Another great hurdle to overcome is that the current system prevents connections between resources and collections. For example, each entry in a catalog is related to another collection, but cross-linking resources from one collection to another is not possible today. “The Libhub Initiative uniquely prioritizes the linking of these newly exposed library resources to each other and to other resources across the Web, a critical requirement of increased Web visibility” as search engine algorithms rely on links to determine how to present returned search result hit lists. Weaving in library content will improve people’s ability to discover the resources on the open web by clicking on an item returned by a simple search and being taken back to a library’s catalog.
The Semantic Web (aka the Web of Linked Data)
There has been much talk about Web 3.0 relying on open, linked data. If applied to libraries, this means catalogs will no longer be bound up in proprietary and closed ecosystems. The Libhub Initiative provides a neutral mechanism that allows for connections across systems. Beyond simply exposing and linking collections, the Libhub Initiative is the first in a series of steps that enables search engines to understand the concept of a library through shared vocabularies.

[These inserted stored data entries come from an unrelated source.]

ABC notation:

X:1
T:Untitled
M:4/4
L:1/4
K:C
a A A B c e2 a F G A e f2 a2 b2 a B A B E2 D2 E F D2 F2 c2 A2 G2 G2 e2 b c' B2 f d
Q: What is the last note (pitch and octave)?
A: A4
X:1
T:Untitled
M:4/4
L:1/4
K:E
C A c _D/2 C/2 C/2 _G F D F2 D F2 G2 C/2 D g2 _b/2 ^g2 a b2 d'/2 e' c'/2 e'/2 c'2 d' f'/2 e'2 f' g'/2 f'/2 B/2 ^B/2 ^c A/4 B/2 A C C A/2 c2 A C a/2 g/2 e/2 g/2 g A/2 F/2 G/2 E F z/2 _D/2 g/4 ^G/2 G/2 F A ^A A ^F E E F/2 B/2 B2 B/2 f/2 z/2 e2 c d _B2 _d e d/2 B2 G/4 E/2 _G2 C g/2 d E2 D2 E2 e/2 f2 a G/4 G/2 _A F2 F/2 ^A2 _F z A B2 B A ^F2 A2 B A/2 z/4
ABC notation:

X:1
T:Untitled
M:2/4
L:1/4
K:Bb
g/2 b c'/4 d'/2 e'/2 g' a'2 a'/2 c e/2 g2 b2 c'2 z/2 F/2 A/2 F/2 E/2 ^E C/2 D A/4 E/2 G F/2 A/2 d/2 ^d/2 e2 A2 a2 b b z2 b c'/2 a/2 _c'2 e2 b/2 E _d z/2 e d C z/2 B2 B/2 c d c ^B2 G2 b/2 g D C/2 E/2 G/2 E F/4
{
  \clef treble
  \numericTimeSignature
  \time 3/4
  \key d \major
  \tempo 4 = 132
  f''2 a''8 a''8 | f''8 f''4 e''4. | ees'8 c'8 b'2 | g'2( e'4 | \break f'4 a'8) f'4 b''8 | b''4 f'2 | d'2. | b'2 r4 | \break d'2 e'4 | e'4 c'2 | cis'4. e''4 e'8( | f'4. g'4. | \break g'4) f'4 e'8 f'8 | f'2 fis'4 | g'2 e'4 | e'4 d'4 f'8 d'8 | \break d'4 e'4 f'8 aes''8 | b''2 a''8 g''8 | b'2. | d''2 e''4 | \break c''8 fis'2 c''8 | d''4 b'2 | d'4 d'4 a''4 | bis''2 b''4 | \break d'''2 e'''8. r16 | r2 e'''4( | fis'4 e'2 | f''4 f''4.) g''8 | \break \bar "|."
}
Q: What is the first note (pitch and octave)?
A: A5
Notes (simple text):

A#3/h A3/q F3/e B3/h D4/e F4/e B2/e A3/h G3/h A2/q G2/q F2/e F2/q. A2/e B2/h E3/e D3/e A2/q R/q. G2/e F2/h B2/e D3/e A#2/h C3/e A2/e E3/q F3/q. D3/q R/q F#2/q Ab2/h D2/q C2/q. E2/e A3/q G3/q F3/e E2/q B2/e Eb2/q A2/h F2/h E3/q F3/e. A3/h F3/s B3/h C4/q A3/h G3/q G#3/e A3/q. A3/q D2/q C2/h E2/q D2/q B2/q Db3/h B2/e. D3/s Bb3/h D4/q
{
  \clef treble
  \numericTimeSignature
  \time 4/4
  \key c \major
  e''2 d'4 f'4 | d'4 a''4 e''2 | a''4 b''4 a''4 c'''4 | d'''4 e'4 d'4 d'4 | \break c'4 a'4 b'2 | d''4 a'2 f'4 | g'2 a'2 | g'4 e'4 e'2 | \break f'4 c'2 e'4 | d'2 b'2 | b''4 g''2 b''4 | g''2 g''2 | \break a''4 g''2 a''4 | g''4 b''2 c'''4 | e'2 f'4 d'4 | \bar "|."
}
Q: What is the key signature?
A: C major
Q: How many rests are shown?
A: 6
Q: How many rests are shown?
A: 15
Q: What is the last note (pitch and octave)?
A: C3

“By marking up information in standardized, highly structured formats like Resource Description Framework (RDF), we can allow computers to better ‘understand’ the meaning of the content, rather than simply matching on strings of text. This would allow web search engines to function more like relational databases, providing much more accurate search results—the ability to distinguish between a book that is written about a person, as opposed to a book that is written by a person, for example,” D-Lib Magazine notes. A controlled vocabulary and mapping of resources will contribute to knowledge creation that bridges disciplines.
While RDF underpins the Semantic Web, other technologies and vocabularies are contributing to its feasibility—e.g., Web Ontology Language (OWL). For example, Schema.org is being used to create a new data interchange format/standard to help libraries share: “This site provides a collection of schemas that webmasters can use to markup HTML pages in ways recognized by major search providers, and that can also be used for structured data interoperability. …”
History of the Effort
In 2011, the Library of Congress (LC) sought a way to move library data to the web, and it recognized that the traditional MARC record was not sufficient. Zepheira, a consulting firm with some data and standards expertise—especially in the library space—was selected by the LC to convert its records to a format that could expose MARC data to the web. This new model, BIBFRAME, “provides a foundation for the future of bibliographic description, both on the web, and in the broader networked world. … In addition to being a replacement for MARC, BIBFRAME serves as a general model for expressing and connecting bibliographic data. A major focus of the initiative will be to determine a transition path for the MARC 21 formats while preserving a robust data exchange that has supported resource sharing and cataloging cost savings in recent decades.”